Upon the completion of her studies and several
student exhibitions she moved to Manhattan to begin her professional
career as a painter. During the sixties Joan taught art in various
school programs and began exhibiting her etchings in and around
New York. Her first group show in New York was at the American
Greeting Card Gallery in the Pan American Building in 1968.
As a result of this show she was asked to discuss printmaking
in a radio interview on WNYC with Ruth Bowman a well known art
critic. At the same time she was exhibiting at the Anne Leonard
Gallery in Woodstock and the Open House Gallery in Katona, New
York, through 1969.
Living and working in New York City had a very
strong influence on Joan's paintings. The clarity of color became
much stronger and the image much larger, as well as more simplistic.

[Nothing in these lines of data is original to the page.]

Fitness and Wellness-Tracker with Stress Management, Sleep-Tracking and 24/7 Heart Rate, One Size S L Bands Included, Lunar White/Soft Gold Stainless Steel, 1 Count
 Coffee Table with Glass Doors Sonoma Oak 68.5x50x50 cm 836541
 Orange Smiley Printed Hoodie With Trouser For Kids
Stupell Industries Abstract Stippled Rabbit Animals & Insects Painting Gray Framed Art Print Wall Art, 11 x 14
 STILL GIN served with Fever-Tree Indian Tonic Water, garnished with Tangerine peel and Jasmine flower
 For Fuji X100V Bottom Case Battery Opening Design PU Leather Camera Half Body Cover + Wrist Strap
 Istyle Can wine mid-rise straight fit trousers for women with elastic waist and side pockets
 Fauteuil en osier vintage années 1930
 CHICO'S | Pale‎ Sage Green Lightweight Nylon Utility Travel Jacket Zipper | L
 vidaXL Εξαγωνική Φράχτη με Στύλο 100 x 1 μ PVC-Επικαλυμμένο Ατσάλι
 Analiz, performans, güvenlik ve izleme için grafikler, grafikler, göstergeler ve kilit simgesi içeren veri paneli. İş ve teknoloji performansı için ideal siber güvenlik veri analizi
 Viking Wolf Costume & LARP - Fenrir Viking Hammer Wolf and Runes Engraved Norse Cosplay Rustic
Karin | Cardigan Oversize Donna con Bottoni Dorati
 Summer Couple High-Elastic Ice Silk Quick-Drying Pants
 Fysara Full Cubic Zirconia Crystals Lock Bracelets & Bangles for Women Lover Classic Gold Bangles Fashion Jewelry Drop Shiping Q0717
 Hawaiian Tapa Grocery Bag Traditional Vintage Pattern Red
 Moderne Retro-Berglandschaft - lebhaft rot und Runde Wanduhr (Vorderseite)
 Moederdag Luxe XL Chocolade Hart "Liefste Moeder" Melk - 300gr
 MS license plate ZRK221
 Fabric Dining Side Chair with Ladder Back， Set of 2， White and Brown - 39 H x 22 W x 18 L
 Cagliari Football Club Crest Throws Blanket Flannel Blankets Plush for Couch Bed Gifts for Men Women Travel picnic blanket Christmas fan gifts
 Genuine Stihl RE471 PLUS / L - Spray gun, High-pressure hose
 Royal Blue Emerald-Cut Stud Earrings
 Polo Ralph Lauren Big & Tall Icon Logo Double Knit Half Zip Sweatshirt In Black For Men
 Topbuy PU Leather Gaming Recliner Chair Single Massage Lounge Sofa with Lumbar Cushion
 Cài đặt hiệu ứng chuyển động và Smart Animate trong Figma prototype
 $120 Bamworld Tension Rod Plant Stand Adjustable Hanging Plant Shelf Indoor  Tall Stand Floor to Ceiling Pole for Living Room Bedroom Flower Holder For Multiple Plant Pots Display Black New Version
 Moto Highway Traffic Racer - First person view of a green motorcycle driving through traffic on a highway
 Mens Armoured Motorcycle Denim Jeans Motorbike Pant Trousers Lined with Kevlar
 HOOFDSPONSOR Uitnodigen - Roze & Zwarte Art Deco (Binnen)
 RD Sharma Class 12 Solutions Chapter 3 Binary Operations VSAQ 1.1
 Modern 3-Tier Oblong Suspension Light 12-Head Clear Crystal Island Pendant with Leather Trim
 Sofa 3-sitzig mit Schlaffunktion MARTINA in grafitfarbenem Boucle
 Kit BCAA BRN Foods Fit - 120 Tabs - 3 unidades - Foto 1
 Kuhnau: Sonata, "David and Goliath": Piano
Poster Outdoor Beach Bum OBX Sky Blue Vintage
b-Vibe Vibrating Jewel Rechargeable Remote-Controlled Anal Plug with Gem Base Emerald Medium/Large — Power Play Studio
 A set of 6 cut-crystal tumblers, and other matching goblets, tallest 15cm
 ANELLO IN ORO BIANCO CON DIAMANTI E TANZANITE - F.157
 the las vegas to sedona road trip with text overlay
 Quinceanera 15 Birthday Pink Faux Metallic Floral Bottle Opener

But she still maintained the landscape. She continued exhibiting
in New York City at the Connection Gallery and the Metamorphis
Gallery in group shows in 1972-73. Her group show at the Levitan
I & II Gallery in 1973 was her first exposure to the Soho Gallery
scene. In 1974 Joan started teaching at Lehman College in the
Bronx and Kean College in New Jersey, where she was in several
faculty shows. On the island of Cozumel in Mexico she discovered
the tranquility of a whole new world under the sea. It was at
this point that her paintings moved from landscape to the underworld
of the sea. to capture its' silence and unique sensual mystery,
as well as the spaciousness ot the all encompassing water, the
volumetric tension of the underwater currents, and the diffused
and refracted light which penetrates such depths. She makes
it possible for the viewer to submerge visually and psychologically
to encounter the unusual effects of light and water, and the
amorphic qualities and delicate coloration of rock and coral
formation.
They exude a sense of life and vitality, their
thin glazes of pigment flow, penetrate, merge and re-emerge.
Dark and vibrant color areas yield to paler, softer pastels;
deep shadows spawn a multitude of forms that vibrate with light.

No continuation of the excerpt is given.